Items from a data source:
#####

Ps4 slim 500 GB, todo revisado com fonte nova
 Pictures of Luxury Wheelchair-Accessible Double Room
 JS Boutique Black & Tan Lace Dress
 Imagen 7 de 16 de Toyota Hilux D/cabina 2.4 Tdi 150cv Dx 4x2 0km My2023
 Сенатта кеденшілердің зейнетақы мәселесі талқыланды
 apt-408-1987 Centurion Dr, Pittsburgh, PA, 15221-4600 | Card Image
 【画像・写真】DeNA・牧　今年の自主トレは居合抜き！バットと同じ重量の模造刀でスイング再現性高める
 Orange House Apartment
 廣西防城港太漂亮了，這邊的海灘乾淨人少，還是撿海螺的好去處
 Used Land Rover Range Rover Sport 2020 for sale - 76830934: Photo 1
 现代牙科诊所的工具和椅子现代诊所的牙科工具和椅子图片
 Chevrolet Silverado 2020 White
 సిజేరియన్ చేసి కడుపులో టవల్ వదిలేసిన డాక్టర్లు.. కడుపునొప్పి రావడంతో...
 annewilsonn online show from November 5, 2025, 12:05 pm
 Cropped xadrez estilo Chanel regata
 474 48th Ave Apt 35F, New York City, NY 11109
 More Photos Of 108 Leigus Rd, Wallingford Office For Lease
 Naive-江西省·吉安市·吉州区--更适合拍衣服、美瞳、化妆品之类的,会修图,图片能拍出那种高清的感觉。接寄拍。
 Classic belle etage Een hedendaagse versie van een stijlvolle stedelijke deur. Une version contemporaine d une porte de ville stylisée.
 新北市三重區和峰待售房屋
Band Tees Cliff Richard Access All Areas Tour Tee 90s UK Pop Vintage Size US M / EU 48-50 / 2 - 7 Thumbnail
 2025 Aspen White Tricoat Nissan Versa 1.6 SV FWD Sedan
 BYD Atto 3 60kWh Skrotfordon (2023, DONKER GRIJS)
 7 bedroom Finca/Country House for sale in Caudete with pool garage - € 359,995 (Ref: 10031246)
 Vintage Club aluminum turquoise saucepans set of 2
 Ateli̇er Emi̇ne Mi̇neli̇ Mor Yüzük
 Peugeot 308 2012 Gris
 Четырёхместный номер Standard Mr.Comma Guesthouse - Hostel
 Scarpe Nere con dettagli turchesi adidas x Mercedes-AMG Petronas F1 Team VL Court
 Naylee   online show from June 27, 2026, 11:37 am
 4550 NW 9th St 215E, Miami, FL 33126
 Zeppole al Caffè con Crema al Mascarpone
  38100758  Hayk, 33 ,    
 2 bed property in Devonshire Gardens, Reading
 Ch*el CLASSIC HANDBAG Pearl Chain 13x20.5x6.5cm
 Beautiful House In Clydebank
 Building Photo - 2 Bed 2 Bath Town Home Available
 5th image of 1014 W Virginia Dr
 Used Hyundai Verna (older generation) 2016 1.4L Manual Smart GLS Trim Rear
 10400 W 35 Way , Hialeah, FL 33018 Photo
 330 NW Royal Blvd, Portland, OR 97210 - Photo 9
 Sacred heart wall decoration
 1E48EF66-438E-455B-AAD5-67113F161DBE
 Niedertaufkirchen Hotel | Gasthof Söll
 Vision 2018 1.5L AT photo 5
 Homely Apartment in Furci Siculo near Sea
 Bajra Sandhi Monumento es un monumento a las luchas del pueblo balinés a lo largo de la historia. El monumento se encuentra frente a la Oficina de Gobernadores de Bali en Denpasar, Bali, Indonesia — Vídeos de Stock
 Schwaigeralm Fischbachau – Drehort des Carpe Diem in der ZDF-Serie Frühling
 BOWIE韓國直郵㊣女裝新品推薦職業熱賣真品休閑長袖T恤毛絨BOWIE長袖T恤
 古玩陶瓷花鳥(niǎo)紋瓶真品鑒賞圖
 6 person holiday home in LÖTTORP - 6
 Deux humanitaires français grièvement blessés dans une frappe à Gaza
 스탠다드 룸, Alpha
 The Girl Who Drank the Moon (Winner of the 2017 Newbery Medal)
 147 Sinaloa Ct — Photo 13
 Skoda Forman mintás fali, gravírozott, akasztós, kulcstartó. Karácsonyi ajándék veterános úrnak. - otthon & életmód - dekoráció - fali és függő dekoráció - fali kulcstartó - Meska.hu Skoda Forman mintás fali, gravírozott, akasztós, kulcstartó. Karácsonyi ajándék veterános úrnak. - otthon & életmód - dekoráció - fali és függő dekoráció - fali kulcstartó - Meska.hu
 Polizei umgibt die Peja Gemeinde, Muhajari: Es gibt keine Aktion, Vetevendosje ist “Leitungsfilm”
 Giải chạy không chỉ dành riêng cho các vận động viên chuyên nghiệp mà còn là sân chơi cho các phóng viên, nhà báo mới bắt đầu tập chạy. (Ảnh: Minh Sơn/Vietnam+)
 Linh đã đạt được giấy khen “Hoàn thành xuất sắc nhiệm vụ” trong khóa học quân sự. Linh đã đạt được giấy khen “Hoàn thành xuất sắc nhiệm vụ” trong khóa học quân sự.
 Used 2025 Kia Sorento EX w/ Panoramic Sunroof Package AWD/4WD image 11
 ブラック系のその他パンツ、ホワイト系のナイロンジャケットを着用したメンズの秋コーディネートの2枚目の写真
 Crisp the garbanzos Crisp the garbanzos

#####

ACTIVITY: Wherever the string "Vintage" occurs in the data, copy the line that holds it.

EXERCISE OUTPUT:
Band Tees Cliff Richard Access All Areas Tour Tee 90s UK Pop Vintage Size US M / EU 48-50 / 2 - 7 Thumbnail
 Vintage Club aluminum turquoise saucepans set of 2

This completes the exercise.